Source code for deepobs.tensorflow.datasets.two_d

# -*- coding: utf-8 -*-
"""2D DeepOBS dataset."""

import numpy as np
import tensorflow as tf
from . import dataset


[docs]class two_d(dataset.DataSet):
    """DeepOBS data set class to create two dimensional stochastic testproblems.

    This toy data set consists of a fixed number (``train_size``) of iid draws
    from two scalar zero-mean normal distributions with standard deviation
    specified by the ``noise_level``.

  Args:
    batch_size (int): The mini-batch size to use. Note that, if ``batch_size``
        is not a divider of the dataset size (``1000`` for train and test) the
        remainder is dropped in each epoch (after shuffling).
    train_size (int): Size of the training data set. This will also be used as
        the train_eval and test set size. Defaults to ``10000``.
    noise_level (float): Standard deviation of the data points around the mean.
        The data points are drawn from a Gaussian distribution. Defaults to
        ``1.0``.

  Attributes:
    batch: A tuple ``(x, y)`` of tensors with random x and y that can be used to
        create a noisy two dimensional testproblem. Executing these
        tensors raises a ``tf.errors.OutOfRangeError`` after one epoch.
    train_init_op: A tensorflow operation initializing the dataset for the
        training phase.
    train_eval_init_op: A tensorflow operation initializing the testproblem for
        evaluating on training data.
    test_init_op: A tensorflow operation initializing the testproblem for
        evaluating on test data.
    phase: A string-value tf.Variable that is set to "train", "train_eval" or
        "test", depending on the current phase. This can be used by testproblems
        to adapt their behavior to this phase.
  """

    def __init__(self, batch_size, train_size=10000, noise_level=1.0):
        """Creates a new 2D instance.

    Args:
      batch_size (int): The mini-batch size to use. Note that, if ``batch_size``
          is not a divider of the dataset size (1k for train and test) the
          remainder is dropped in each epoch (after shuffling).
      train_size (int): Size of the training data set. This will also be used as
          the train_eval and test set size. Defaults to ``10000``.
      noise_level (float): Standard deviation of the data points around the mean.
          The data points are drawn from a Gaussian distribution. Defaults to
          ``1.0``.
    """
        self._name = "two_d"
        self._train_size = train_size
        self._noise_level = noise_level
        super(two_d, self).__init__(batch_size)

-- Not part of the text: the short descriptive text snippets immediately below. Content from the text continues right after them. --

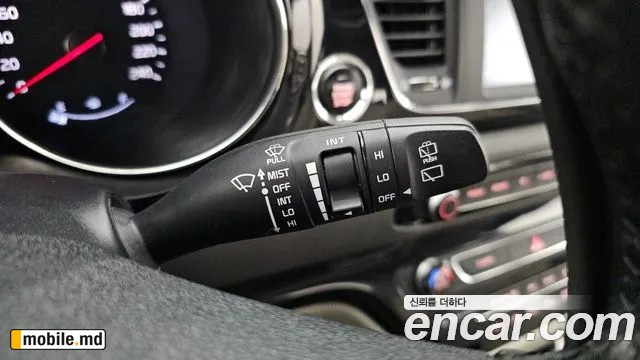 2018 Kia Canival — photo 35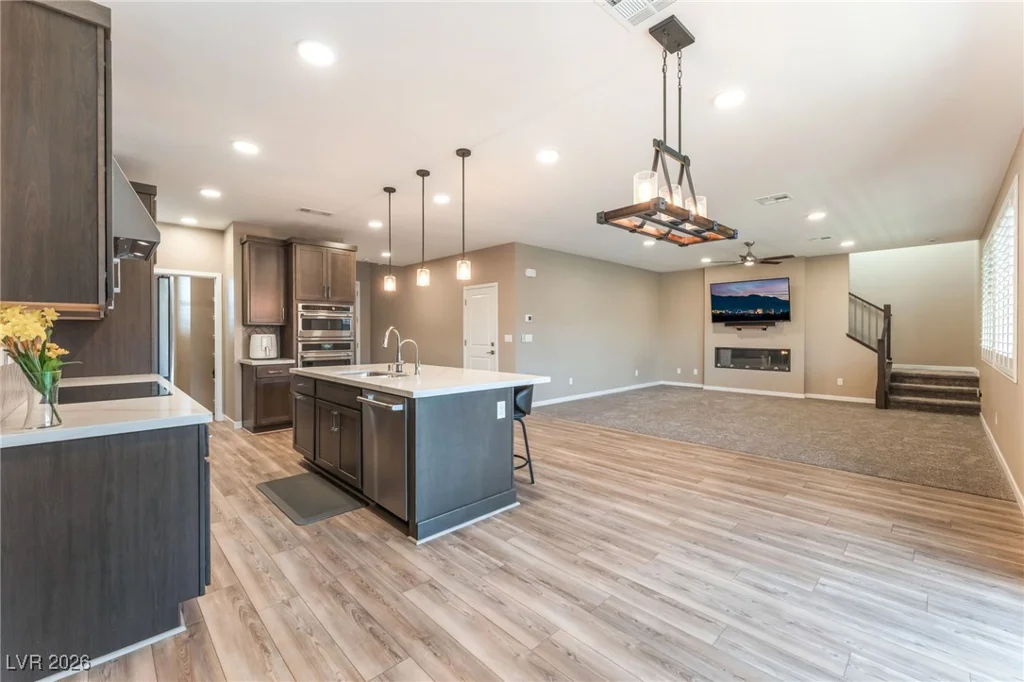6203 Redstone Hills, Las Vegas, NV 89148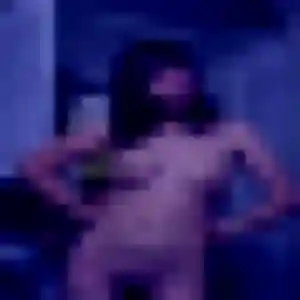 Delia, femme de 27 ans veut rencontre sexy à Roost-Warendin
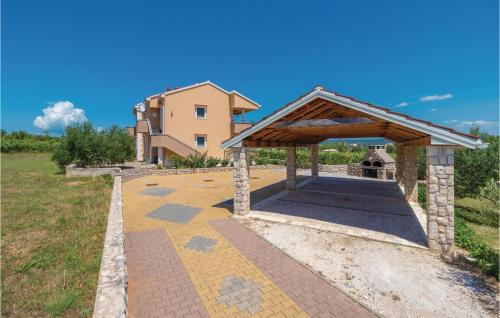 Awesome Home In Pasman With Wifi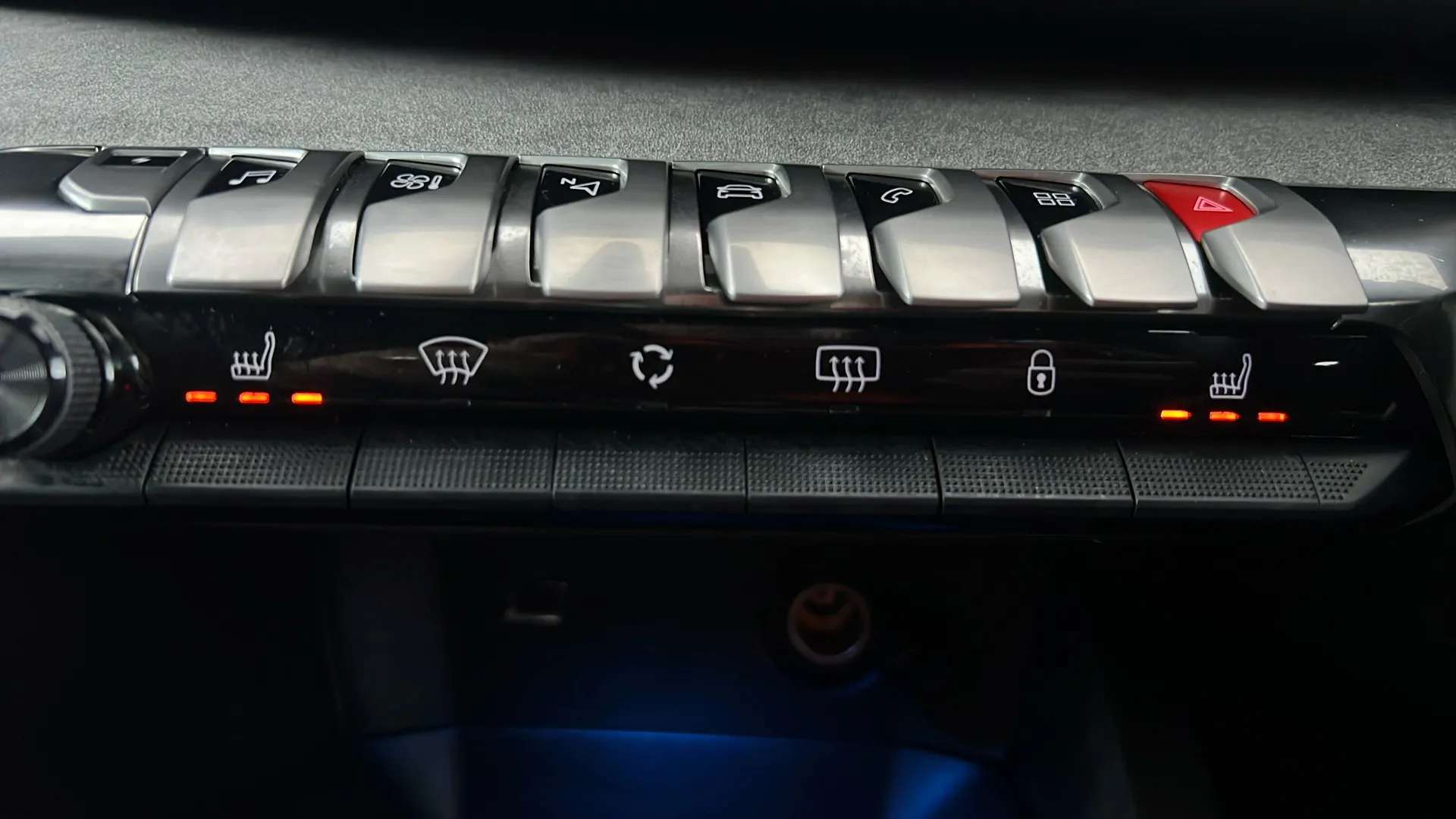 2022 PEUGEOT 3008 2022 PEUGEOT 3008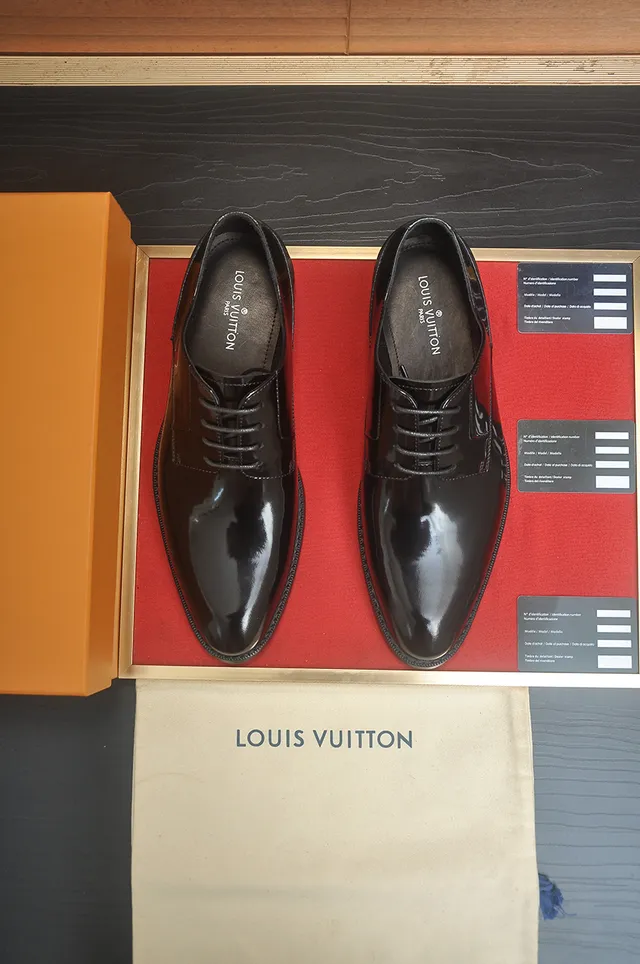 Louis Vuitton 黑色漆皮圆头牛津鞋 5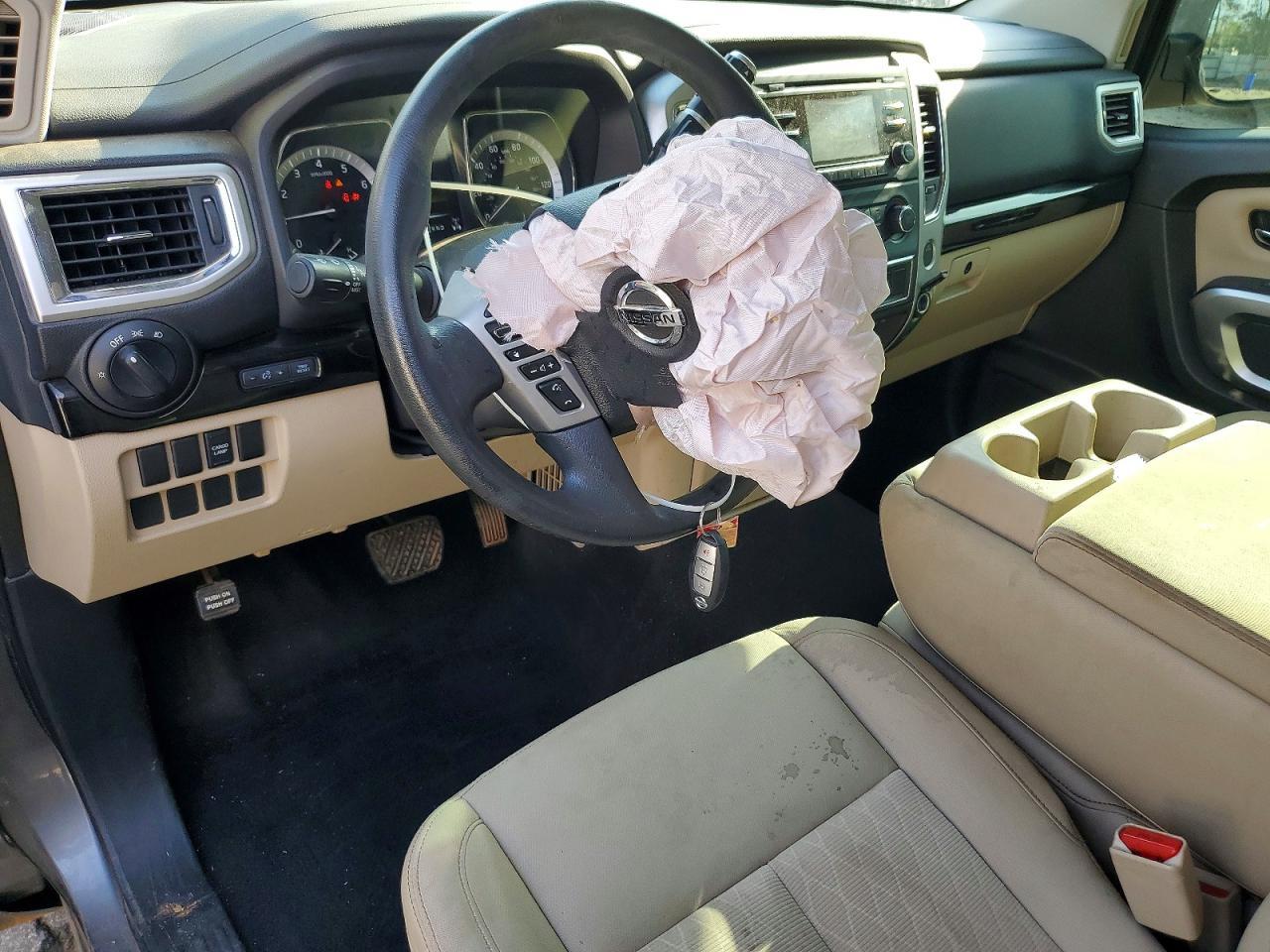 2017 Nissan Titan SV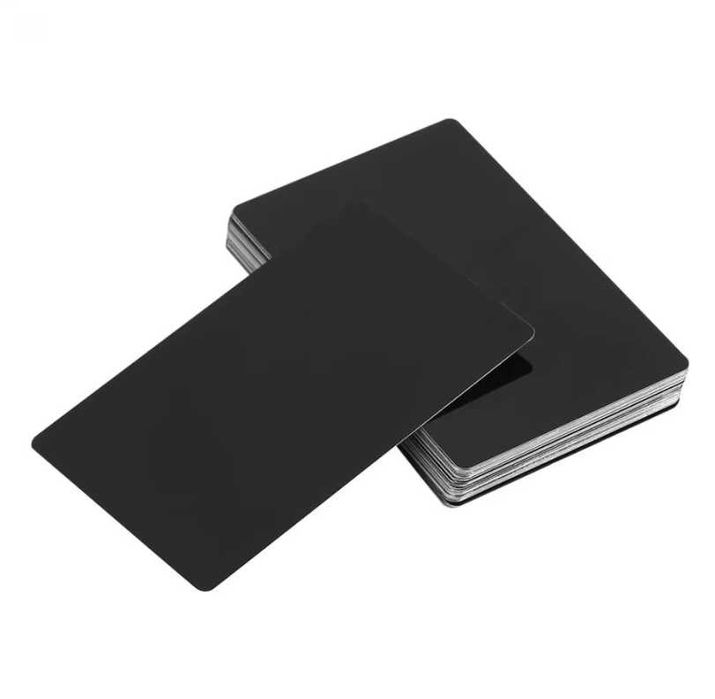 визитки премиум качества алюминиевые черный и золотой цвет печать УФ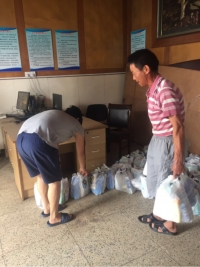 三伏高温送清凉  致敬一线完美·体育人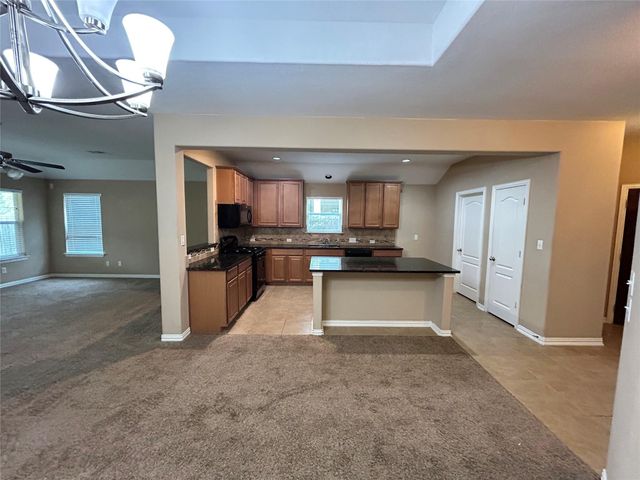 705 Harwood DR, San Marcos, TX 78666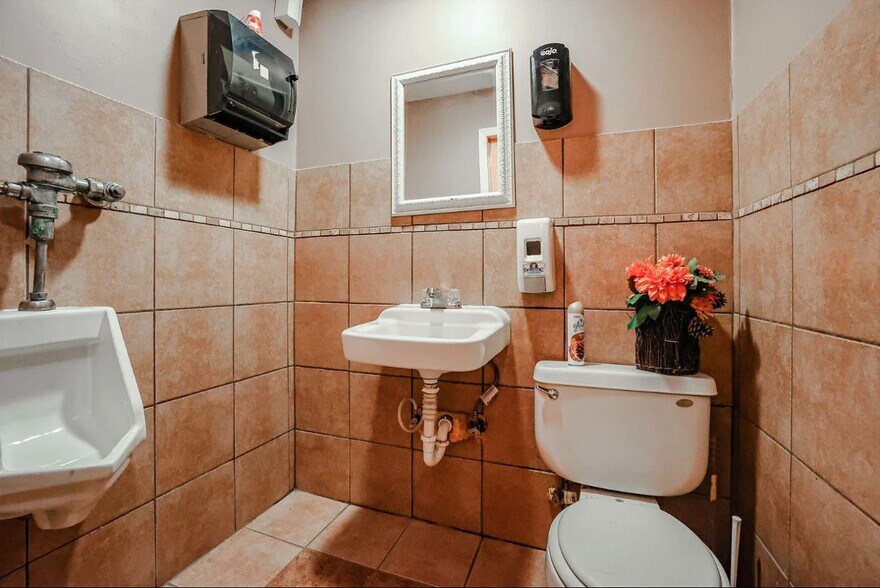 More Photos Of 208-212 Main St, West Chicago General Retail For Sale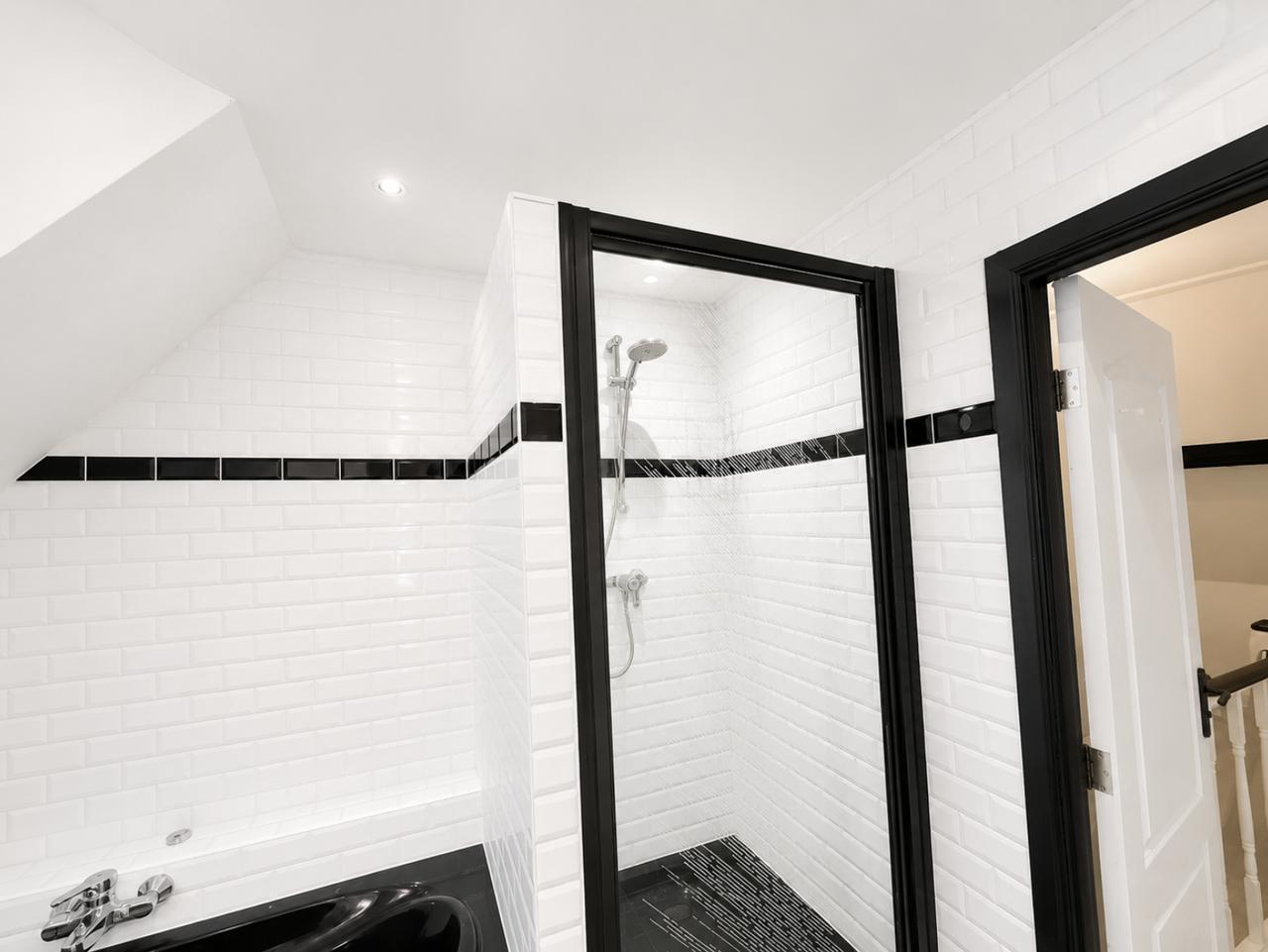 Renovated 90 m² apartment in central Bussum - Image 9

    def _make_dataset(self, data_x, data_y, shuffle=True):
        """Creates a 2D data set (helper used by ``.make_*_datset`` below).

        Args:
          data_x (np.array): Numpy array containing the ``X`` values of the
            data points.
          data_y (np.array): Numpy array containing the ``y`` values of the
            data points.
          shuffle (bool): Switch to turn on or off shuffling of the data set.
            Defaults to ``True``.

        Returns:
            A tf.data.Dataset yielding batches of 2D data.
        """
        with tf.name_scope(self._name):
            with tf.device("/cpu:0"):
                data = tf.data.Dataset.from_tensor_slices((data_x, data_y))
                if shuffle:
                    data = data.shuffle(buffer_size=20000)
                data = data.batch(self._batch_size, drop_remainder=True)
                data = data.prefetch(buffer_size=4)
                return data

    def _make_train_datasets(self):
        """Creates the three 2D datasets stemming from the training
        part of the data set, i.e. the training set, the training
        evaluation set, and the validation set.

    Returns:
      A tf.data.Dataset instance with batches of training data.
      A tf.data.Dataset instance with batches of training eval data.
      A tf.data.Dataset instance with batches of validation data.
    """
        # Draw data from a random generator with a fixed seed to always get the
        # same data.
        rng = np.random.RandomState(42)
        train_x = rng.normal(0.0, self._noise_level, self._train_size)
        train_y = rng.normal(0.0, self._noise_level, self._train_size)
        train_x = np.float32(train_x)
        train_y = np.float32(train_y)
        train_data = self._make_dataset(train_x, train_y, shuffle=True)

        train_eval_data = train_data.take(self._train_size // self._batch_size)

        # Draw data from a random generator with a fixed seed to always get the
        # same data.
        rng = np.random.RandomState(44)
        valid_x = rng.normal(0.0, self._noise_level, self._train_size)
        valid_y = rng.normal(0.0, self._noise_level, self._train_size)
        valid_x = np.float32(valid_x)
        valid_y = np.float32(valid_y)
        valid_data = self._make_dataset(valid_x, valid_y, shuffle=False)

        return train_data, train_eval_data, valid_data

    def _make_test_dataset(self):
        """Creates the quadratic test dataset.

    Returns:
      A tf.data.Dataset instance with batches of test data.
    """
        # recovers the deterministic 2D function using zeros
        test_x, test_y = np.zeros(self._train_size), np.zeros(self._train_size)
        test_x = np.float32(test_x)
        test_y = np.float32(test_y)

        return self._make_dataset(test_x, test_y, shuffle=False)